As Esganadas
Com um estilo muito definido, Jô Soares é um autor que demonstra competência ao criar seus personagens, que são sempre tipos interessantes. É certo que ele pode soar meio repetitivo, visto que tem o costume de seguir a mesma fórmula em suas histórias, contudo não é nada que desabone a si enquanto profissional ou à sua obra, a qual conversa com todos os tipos de leitor. Além de serem sempre muito divertidas, claro.
As Esganadas é o quarto romance policial da carreira de Jô, tendo sido lançado em 2011. Mas a trama é ambientada no fim dos anos 1930, à época do Estado Novo, na cidade do Rio de Janeiro, onde mulheres gordas viram alvo de um serial killer. Mas, ao contrário da maioria dos livros desse nicho, seu diferencial reside no fato de que a identidade do assassino é revelada logo nas primeiras páginas da narrativa, quando o leitor passa a acompanhar os desencontros entre investigadores e psicopata, tudo muito bem temperado a pressões políticas e campeonatos de futebol.
Em meio às descrições minuciosas dos assassinatos das pobres mulheres, executadas com requintes de crueldade, há espaço também para o humor, responsável por trazer uma certa leveza ao texto. Entre ironias escrachadas, a que mais chama a atenção é a brincadeira com o fato de o brasileiro Calixto não ser muito inteligente enquanto o português Tobias Esteves é dotado desse dom. E é através de Tobias que conheceremos o jeito português de investigar um crime, segundo o próprio autor.
O que Jô Soares nos entrega é uma ficção que se mescla com a realidade ao citar crimes que, de fato, aconteceram, e ao inserir figuras reais, como Fernando Pessoa, Filinto Müller, Lourival Fontes e até Hitler, alguns participando ativamente da narrativa, outros apenas sendo citados.
O fato de escolher mulheres gordas como vítimas de seu assassino pode ser interpretado como uma crítica social, sobretudo quando levamos em consideração a forma que elas são mortas. Por outro lado, pode não passar de mais uma das ironias de Jô que optou por um humor que é caricato. E nisso reside mais um acerto da obra, que deixa ao leitor essa escolha, respeitando a interpretação de cada um.

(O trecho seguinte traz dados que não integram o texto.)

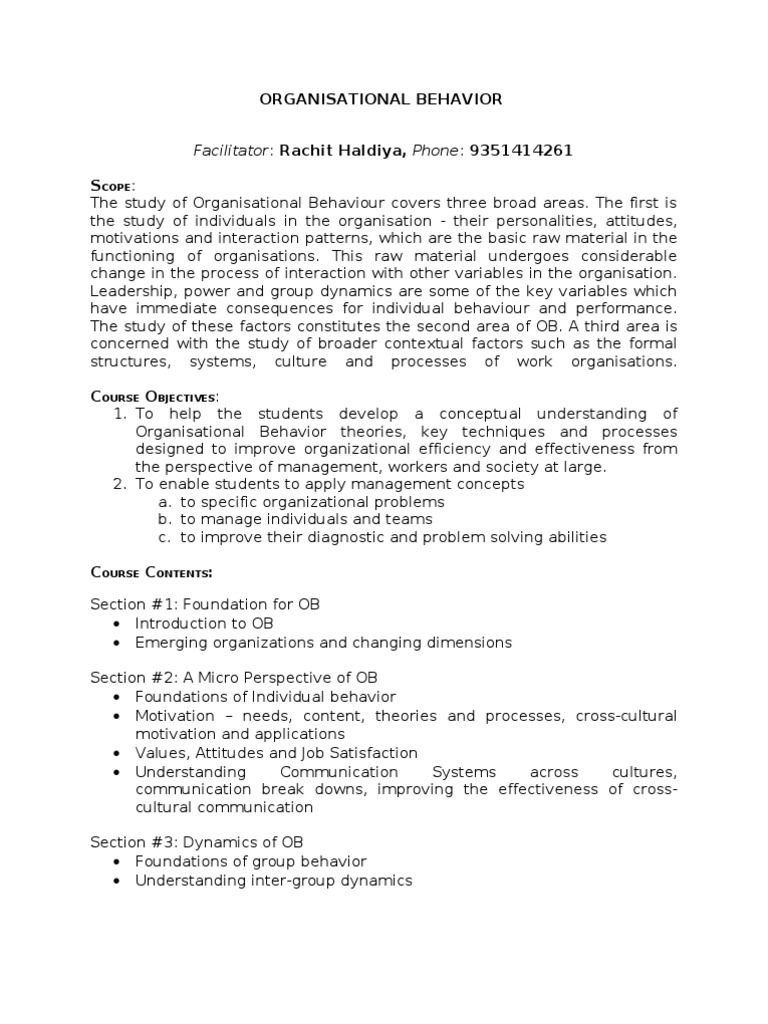 Organisational behaviour assignment 1 image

Outra liberdade de interpretação fica a cargo do título da obra. As Esganadas pode se referir tanto à forma com que os assassinatos são cometidos, quanto à ânsia das vítimas por comida.
Na verdade, em vários momentos Jô Soares parece saber que interpretações são feitas a partir de nossas experiências e convicções pessoais, e ele demonstra respeito quando dá total liberdade ao leitor. É como se ele nos dissesse: a obra é minha, mas o que você vai tirar dela, só depende de você. Em meio a tantos autores que tentam direcionar o pensamento dos leitores para onde lhes convém, essa liberdade é muito bem-vinda.
Apesar de ser um livro lançado há apenas 7 anos, As Esganadas atinge o objetivo de nos levar de volta ao passado. Detalhes na linguagem utilizada na narrativa nos transporta aos anos 30, descrições bem realizadas nos levam a um passeio pelo Rio de Janeiro daquela época e os personagens possuem uma certa ingenuidade que talvez hoje esteja perdida.
Ler Jô esperando algo completamente diferente do que ele gosta de fazer, é a receita para o fracasso. Ao escolher um livro do autor, tenha em mente que ele entrega exatamente o que promete: figuras interessantes, situações divertidas e um enredo mirabolante. E nisso ele é, de fato, muito bom.